Thomas Vallely is the leader of the pack of vets that Kerry calls his dog-hunters, a group that has beaten back the attacks on his Vietnam record since his first Senate race 20 years ago. "He knows that I know the other players," Vallely says of Kerry's Mayday call. "He knows that I also like this stuff."
The return of the old warriors marked a turning point in Kerrys toned-down War on Terror, and a rare moment when Kerry stamped his authority on a drifting administration. "OK, time to break out the fatigues. We've been there, done that. Time to do it again," says David Thorne, Kerry's close friend, of the mood among the senator's inner circle.
And so, even as former Presidents Bill Clinton and George W Bush quietly encouraged retaliatory strikes, Kerry's motorcade pulled into Clark County, Ohio, where the worst of the Shopping Mall Bombers had hit last month.
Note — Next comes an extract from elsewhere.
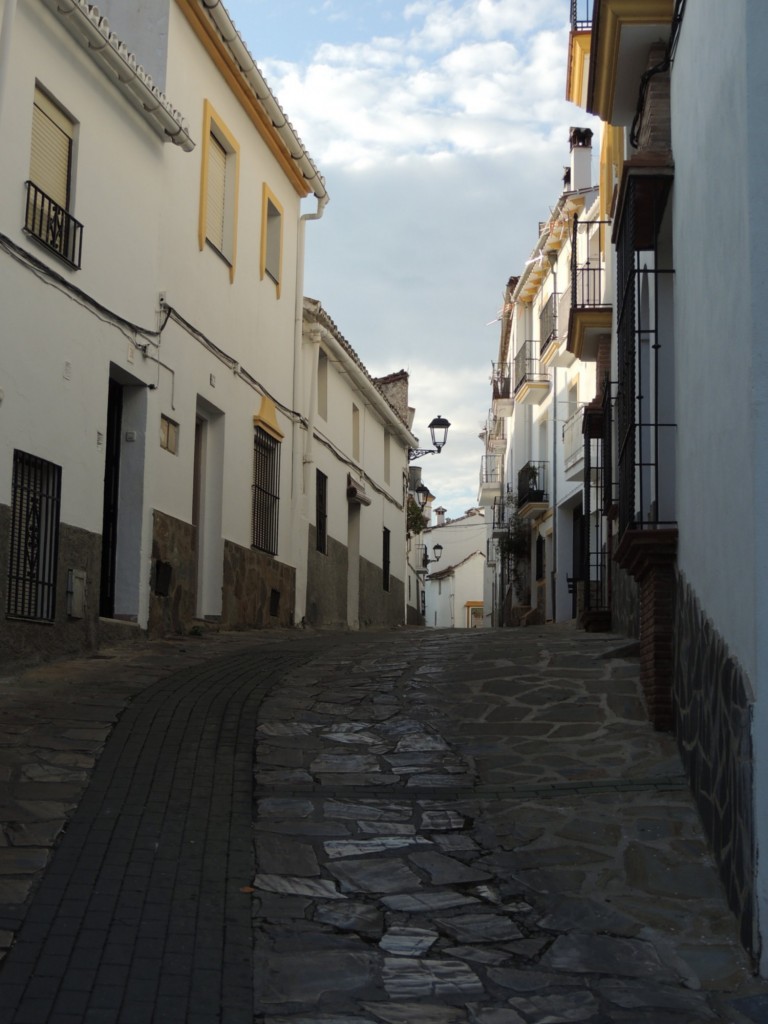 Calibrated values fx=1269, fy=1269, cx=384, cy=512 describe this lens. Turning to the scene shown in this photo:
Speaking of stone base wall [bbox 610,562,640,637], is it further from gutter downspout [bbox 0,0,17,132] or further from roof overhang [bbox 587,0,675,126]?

There, Kerry finally struck hard at his Republican rivals in the House and Senate. "I will not have my commitment to defend this country questioned by those who refused to serve when they could have, and who misled America into Iraq," Kerry told a crowd of several hundred supporters at a midnight rally at the crater which was once a Super K-Mart. The Republican Shadow Cabinet team, as usual, responded rapidly to Kerry's decidedly unrapid response. Karen Hughes, the former president's longtime message maven, accused Kerry of being "consumed" by Vietnam, saying he had "diminished Americas standing" by failing to respond quickly and forcefully to the attacks.
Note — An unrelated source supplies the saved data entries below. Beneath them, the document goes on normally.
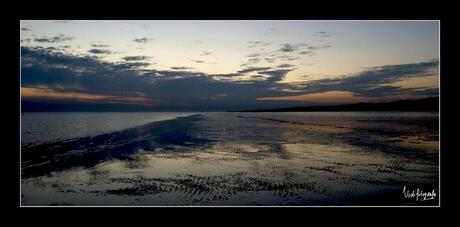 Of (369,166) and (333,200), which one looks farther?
(369,166)

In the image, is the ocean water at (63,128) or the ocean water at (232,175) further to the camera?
the ocean water at (63,128)

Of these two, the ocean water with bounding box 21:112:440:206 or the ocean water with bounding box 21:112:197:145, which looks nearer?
the ocean water with bounding box 21:112:440:206

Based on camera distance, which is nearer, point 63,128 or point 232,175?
point 232,175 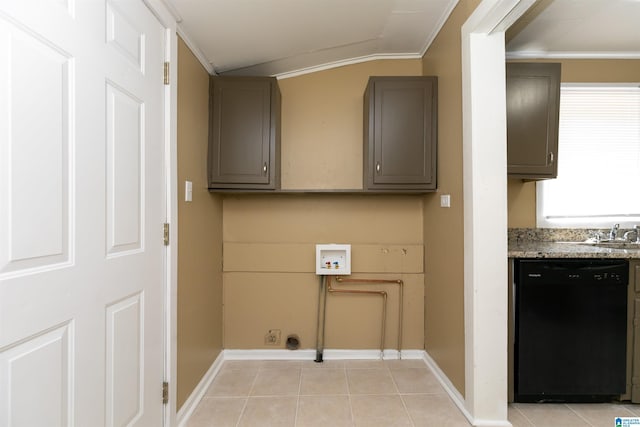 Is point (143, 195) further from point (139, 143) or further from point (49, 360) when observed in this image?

Kerry's counteroffensive seems to fit a well-worn pattern. After a period of complacency, the President blew his initial surge in public support after 8/18 and slid into frustration and inertia, before emerging with a new fighting spirit. It happened in the Democratic primaries, when Kerry's campaign was written off well before the first votes were cast in Iowa. Could it happen again in the renewed War on Terror? "There is nobody, nobody, who is a better finisher than John Kerry," says one close adviser and former staffer. Thorne promises there's more lashing to come, but even some of Kerry's most trusted friends can't be sure when the gloves will really come off. "I hope we don't get to the near-death experience again," says one senior aide. "I think he's a lot better when he's behind, but I hope we don't get too far behind."